Projet de loi sur l’eau en France

France, 29 mai 2001 – Actuellement devant le Conseil d’Etat, le projet de loi sur l’eau sera présenté en conseil des ministres fin juin. Il a pour ambition de faciliter l’accès à l’eau pour tous, de renforcer la transparence des services de l’eau et de mieux appliquer le principe pollueur-payeur. Il donne de sérieux coups de canifs dans le régime dérogatoire, dont bénéficiaient les agriculteurs, mais moins que prévu. Les Echos.fr ont obtenu le texte en exclusivité, dans la forme issue des arbitrages interministériels.

En chantier depuis trois ans, le projet de loi sur l’eau sera présenté in extremis par Dominique Voynet, ministre de l’Environnement avant son départ du gouvernement fin juin, dit-on au ministère. Il sera débattu au Parlement après la rentrée à une date difficile à prévoir compte tenu du calendrier chargé avant les élections législatives.

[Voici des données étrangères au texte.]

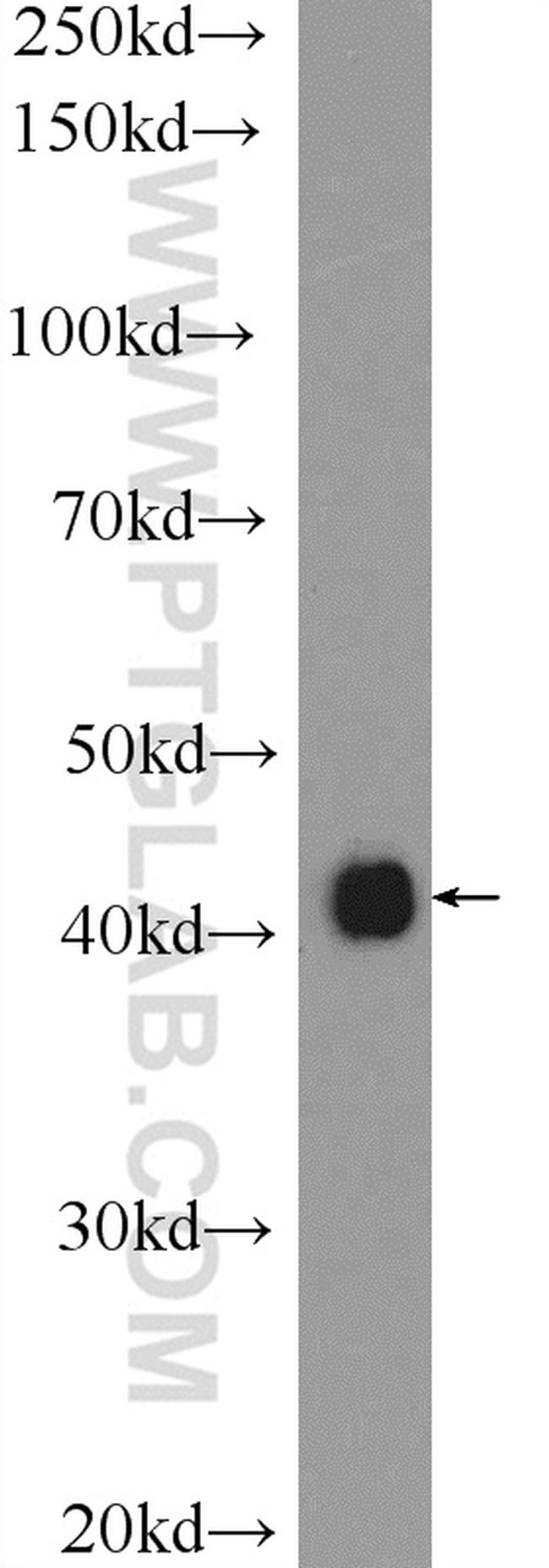 TP53INP1 Antibody in Western Blot (WB)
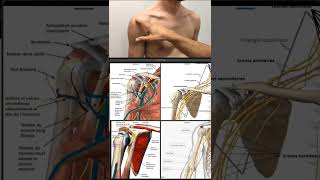 auscultation général de lépaule [upl. by Bascomb]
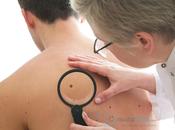 Cáncer piel: melanoma
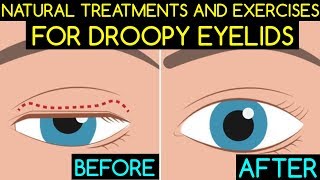 Dr Kotlus tells how to fix a droopy eyelid [upl. by Susy]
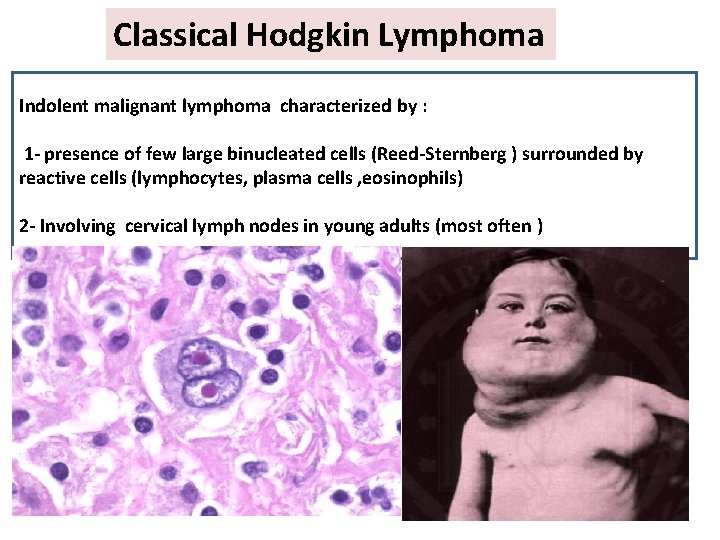 Classical Hodgkin Lymphoma Indolent malignant lymphoma characterized by : 1 - presence of few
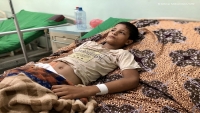 أطباء بلا حدود: عالجنا 241 شخصا أصيبوا بلدغات الأفاعي في اليمن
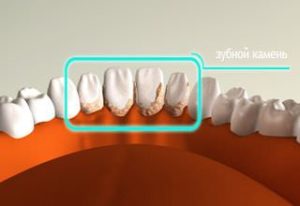 Что представляет собой зубной камень?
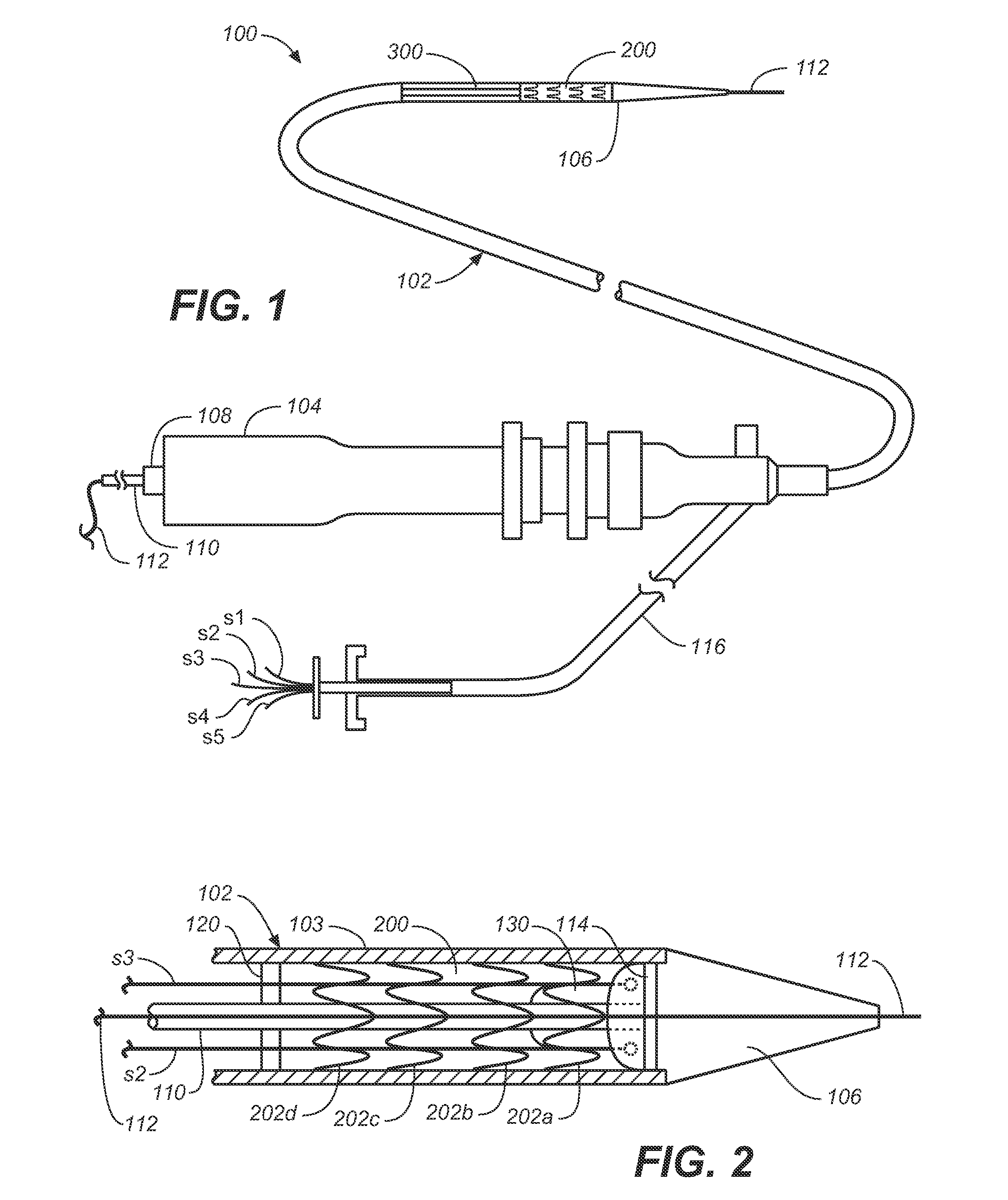 Prosthesis Fixation Apparatus and Methods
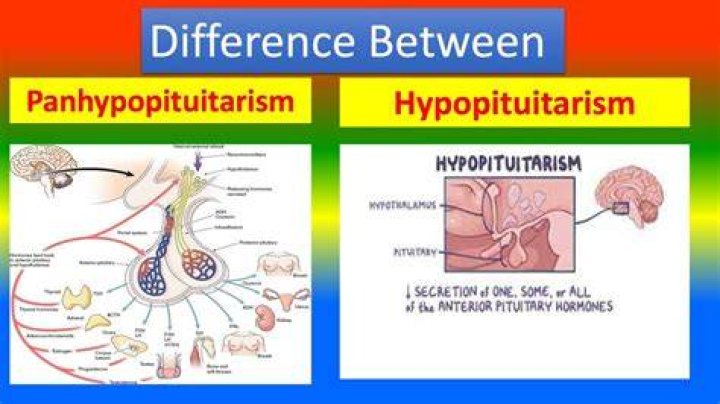 Why does hypopituitarism occur?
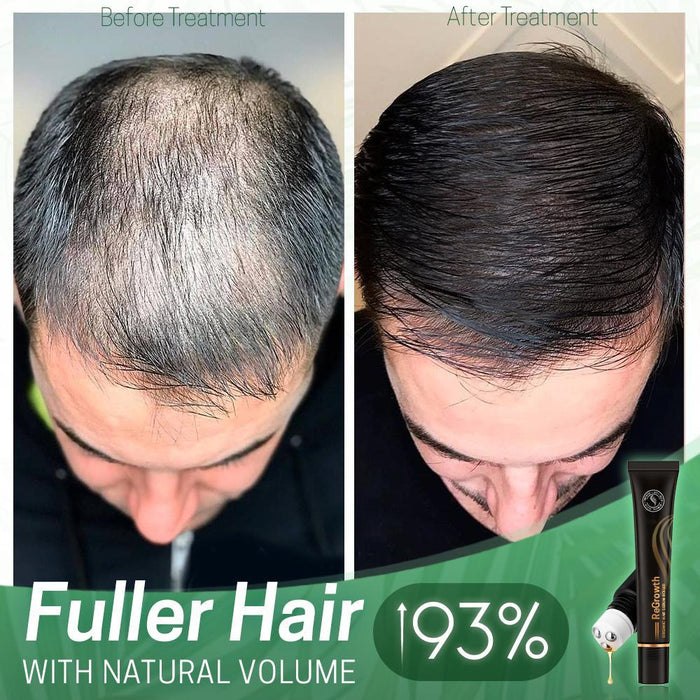 FollikelHerstel™ - Biologische Haargroei Serum Roller - krachtig kruidenserum - versterkt en revitaliseert je haar vanaf de wortel - huishoudmeester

Certains doutent même qu’il puisse être voté pendant cette législature.Très controversé, le texte a subi des changements importants depuis sa genèse et suscité une émotion particulière dans les milieux agricoles, qui ont depuis toujours bénéficié d’un régime largement dérogatoire en la matière. L’aggravation de la pollution de l’eau par les nitrates et les pesticides a renforcé les défenseurs de l’environnement dans leur désir de faire contribuer les agriculteurs au budget des agences de l’eau, ce qu’ils ne font aujourd’hui que très modestement, à hauteur de 1%. Ils reçoivent dix fois plus d’aides (pour se mettre aux normes) des agences de l’eau qu’ils n’en versent au titre de la redevance pollueur-payeur. Un réel traitement de faveur par rapport aux industriels qui paient autant qu’ils perçoivent.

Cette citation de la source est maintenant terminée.